A number of factors, including increased iron stores and alcohol consumption, are known to be associated with the development of porphyria cutanea tarda (PCT) in susceptible individuals. Recent reports have described a significant association between inheritance of the C282Y and H63D mutations in the HFE gene, associated with genetic hemochromatosis (GH) and PCT. A strong association between hepatitis C virus infection and PCT has also been demonstrated, while case reports record a link between human immunodeficiency virus (HIV) and PCT. We have investigated the frequency of these factors in a racially-mixed population of patients with PCT in Cape Town, South Africa. 57 patients with PCT drawn from three ethnic groups were screened for the presence of the C282Y and H63D mutations linked to GH, and the prevalences were compared with corresponding healthy control populations. The seroprevalence of markers for HCV, hepatitis B (HBV) and HIV infection were examined in 28 of these. In the control populations, we found that both the C282Y and H63D mutations are highly prevalent in South Africans of European origin. In a population of mixed or Asian origin, the C282Y mutation is very rare whereas the H63D mutation is common. Neither mutation was encountered in any African subject. Both mutations are associated with PCT, but the association is dependent on the ethnic origins of the population to which the patient belongs. In contrast to other studies, HCV infection is numerically unimportant in PCT in our patients. HIV infection is increasingly encountered in our patients with PCT, but the strength of the association cannot be determined in view of the high background prevalence of HIV infection in some sectors of the South African population. The contribution of specific risk factors may be heavily dependent on the population from which patients are drawn, and care should be taken in extrapolating from observations in one racial or geographic population to any other.

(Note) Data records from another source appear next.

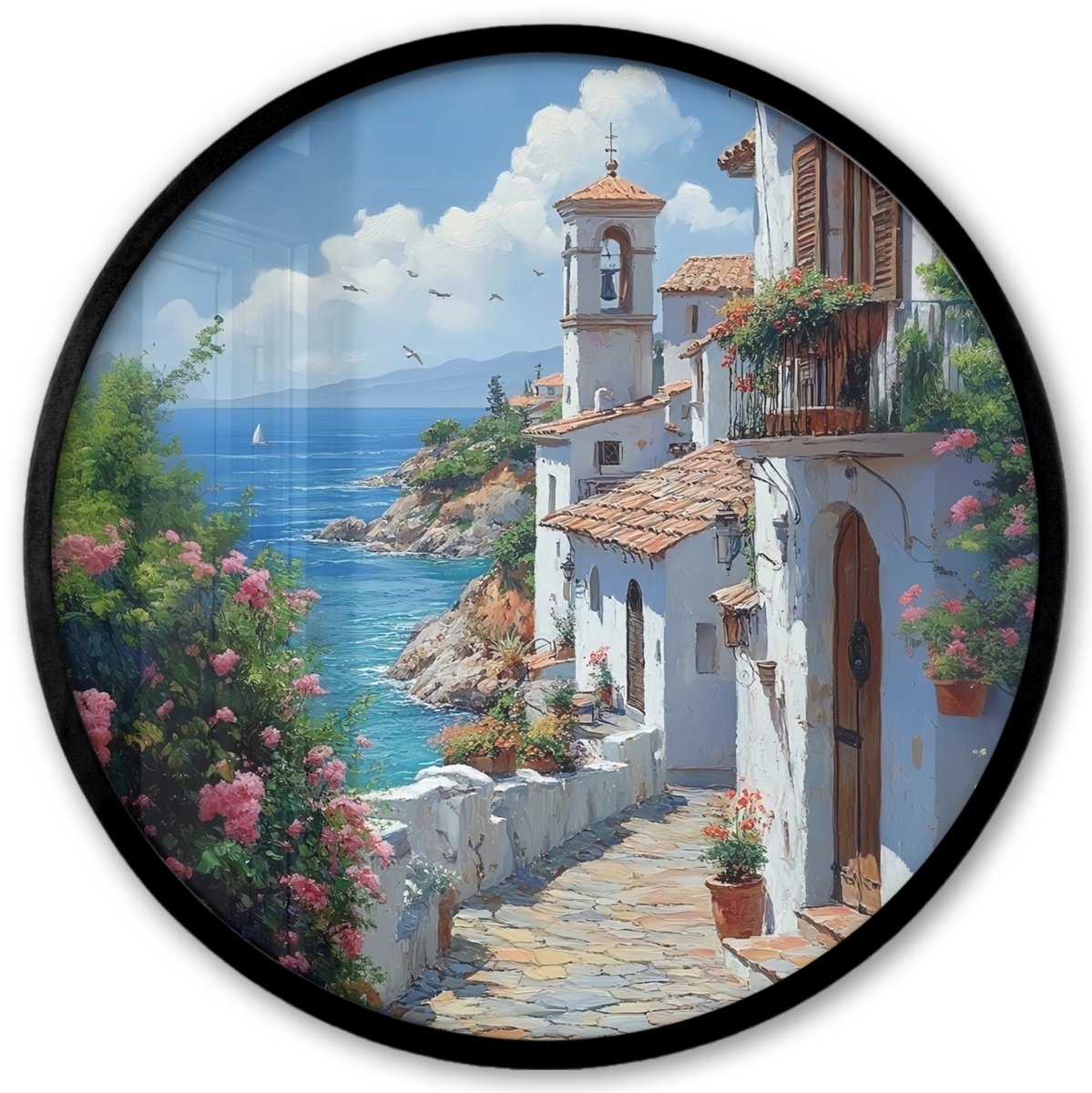 FrameYourWall Poster in lijst Rond - Fotolijst 40x40 cm - Posters - Huizen - Zee - Bomen - Bloemen - Ronde posterlijst zwart - Decoratie - Wanddecoratie woonkamer - Muurdecoratie slaapkamer Huizen - Zee - Bloemen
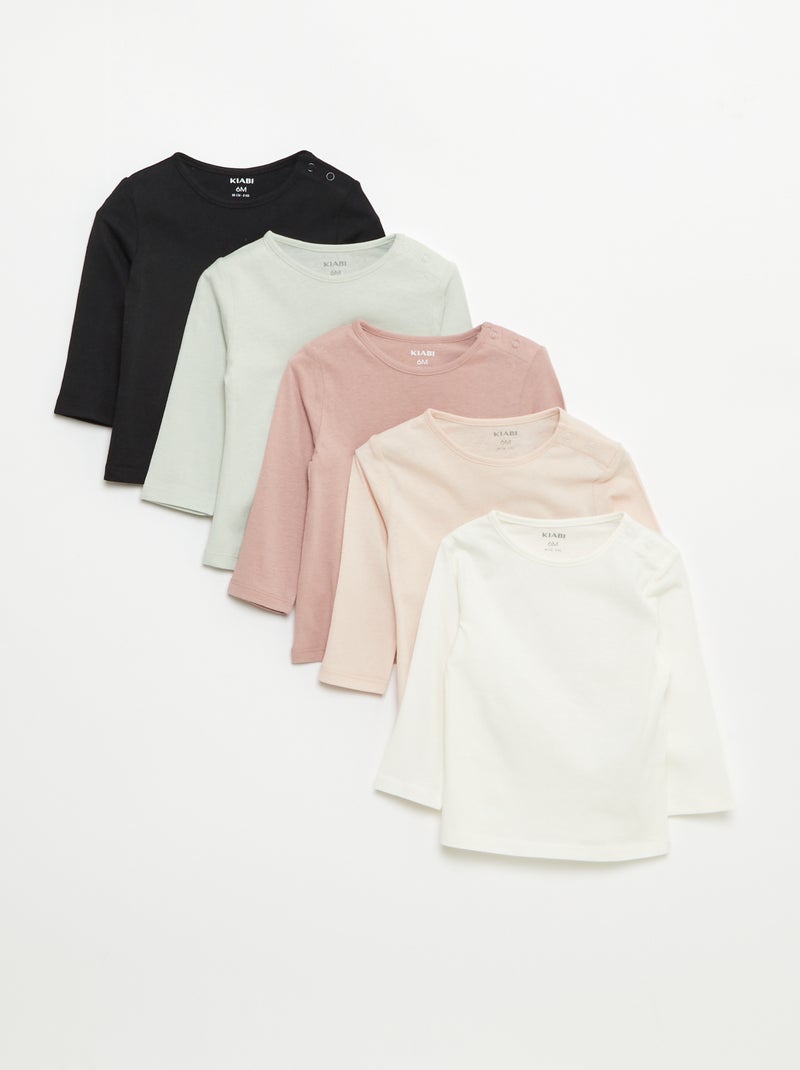 Lot de 5 t-shirts unis à manches longues Blanc - Kiabi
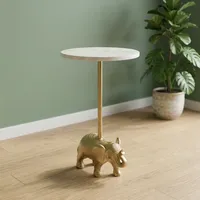 Table d'appoint moderne avec plateau rond en marbre et base en métal décorative en forme d'éléphant, meuble d'appoint de luxe pour la décoration du salon et de la chambre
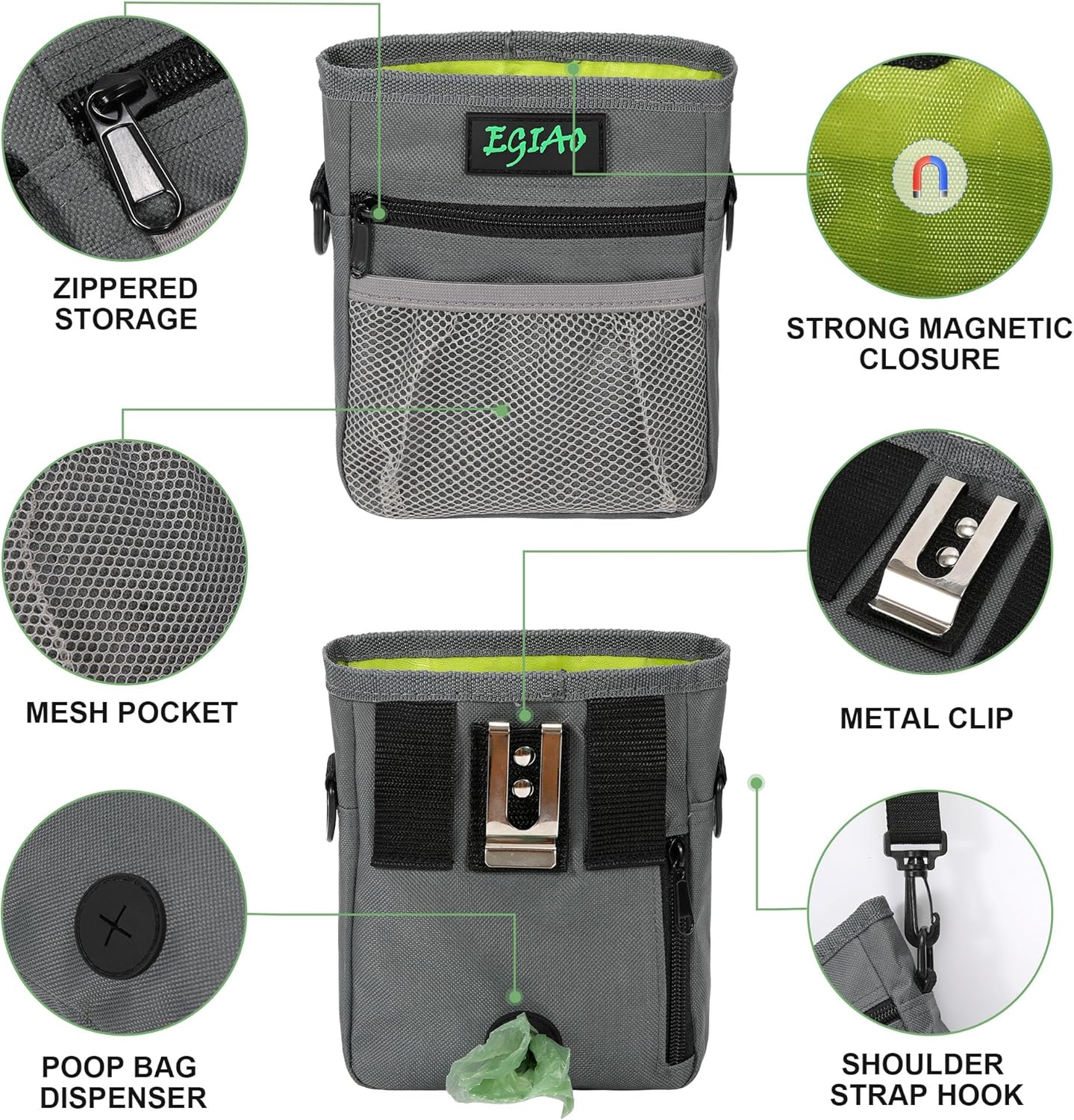 Dog Treat Pouch 2.0, Strong Magnetic Closure, Poop Bag Dispenser (Including Collapsible Dog Bowl, Training Clicker, Poop Bags)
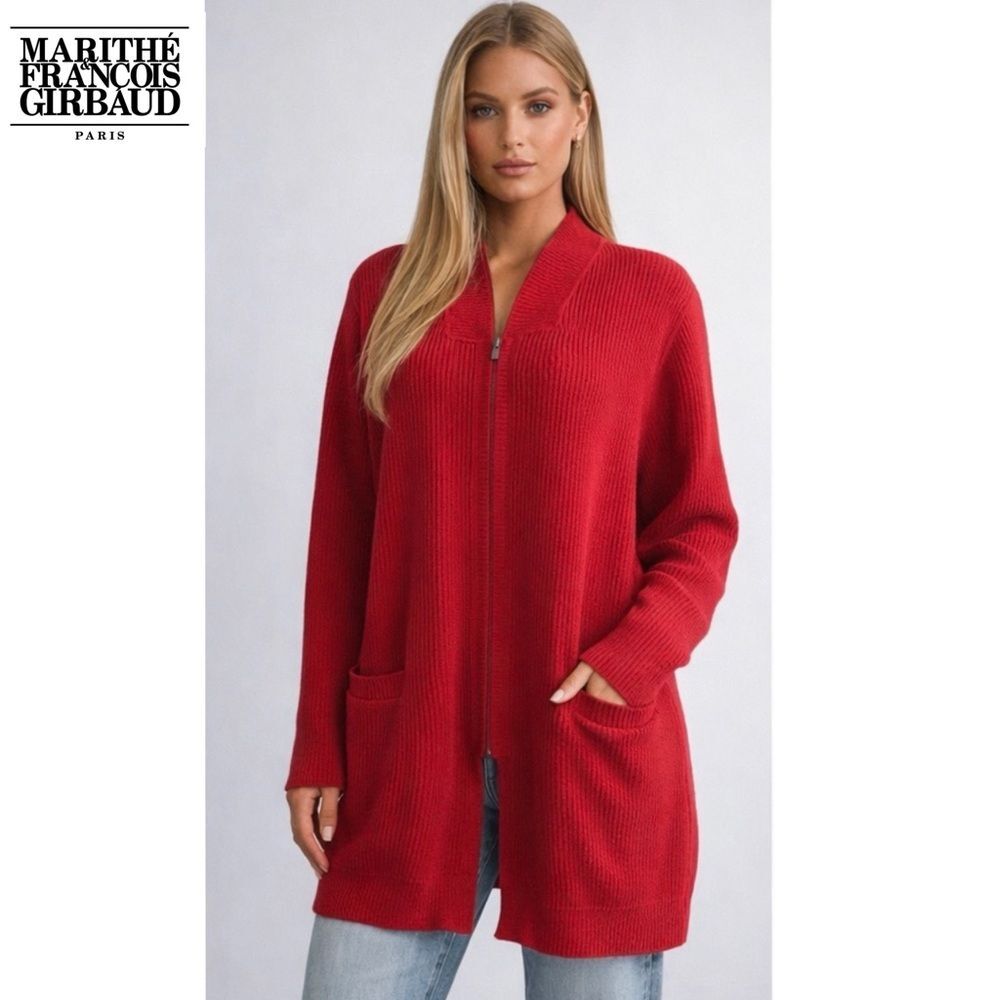 Marithe Francois Girbaud VTG 90s Lambswool Ribbed Zip Cardigan Sweater Red Small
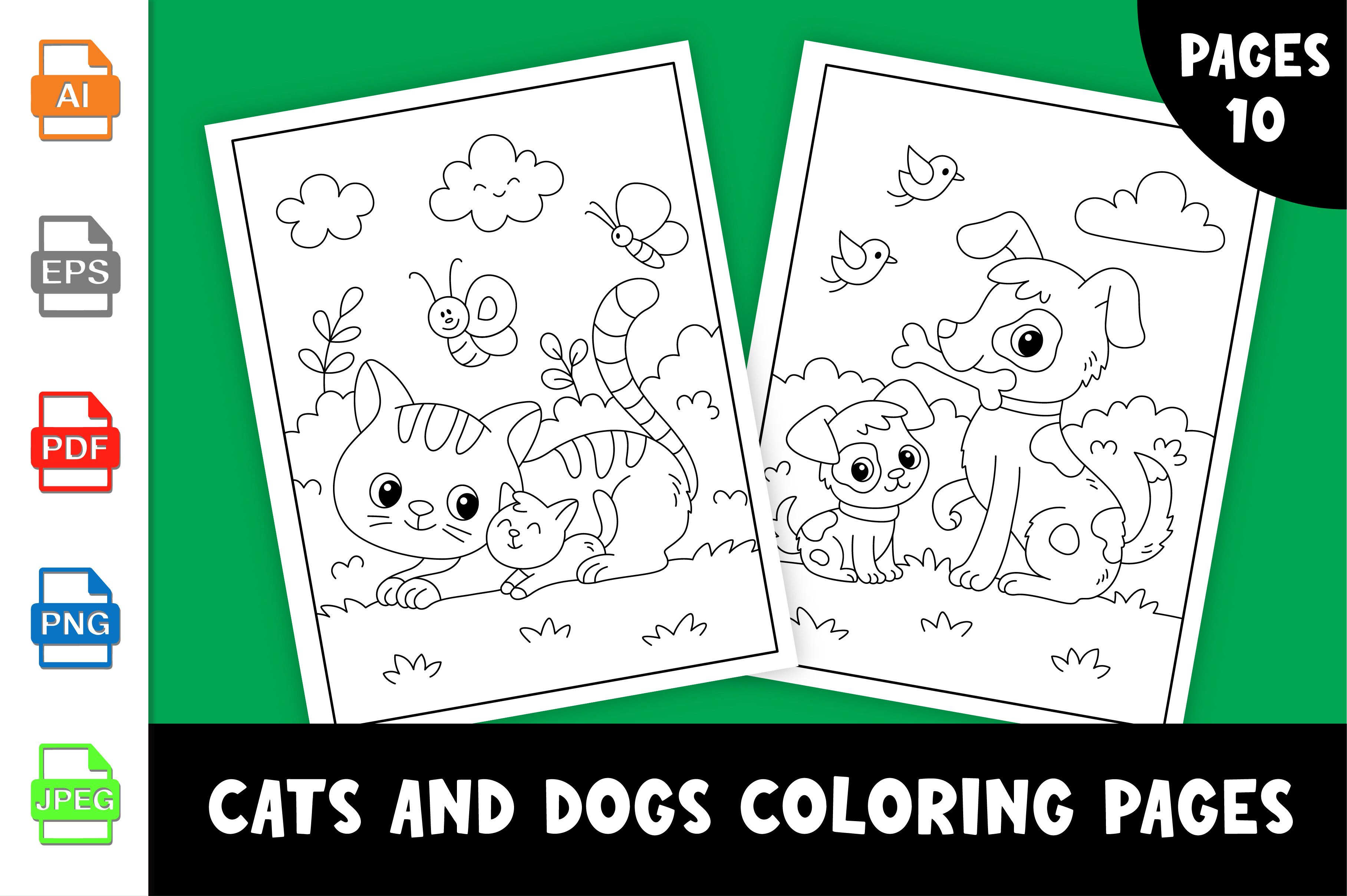 Cats and Dogs Coloring Pages for Kids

已知包括铁储存增加和酒精摄入在内的多种因素与易感个体迟发性皮肤卟啉症(PCT)的发生有关。最近的报告描述了与遗传性血色素沉着症(GH)和PCT相关的HFE基因C282Y和H63D突变的遗传之间存在显著关联。丙型肝炎病毒感染与PCT之间也已证实存在强关联,而病例报告记录了人类免疫缺陷病毒(HIV)与PCT之间的联系。我们在南非开普敦一个种族混合的PCT患者群体中调查了这些因素的发生频率。从三个种族群体中抽取的57例PCT患者被筛查与GH相关的C282Y和H63D突变的存在情况,并将其患病率与相应的健康对照人群进行比较。对其中28例患者检测了丙型肝炎病毒(HCV)、乙型肝炎(HBV)和HIV感染标志物的血清流行率。在对照人群中,我们发现C282Y和H63D突变在欧洲裔南非人中非常普遍。在混合或亚洲裔人群中,C282Y突变非常罕见,而H63D突变很常见。在任何非洲受试者中均未发现这两种突变。这两种突变都与PCT相关,但这种关联取决于患者所属人群的种族起源。与其他研究不同,在我们的患者中,HCV感染在PCT中的数量并不重要。在我们的PCT患者中越来越多地遇到HIV感染,但鉴于南非部分人群中HIV感染的高背景患病率,无法确定这种关联的强度。特定风险因素的作用可能在很大程度上取决于患者所来自的人群,在从一个种族或地理人群的观察结果推断到任何其他人群时应谨慎。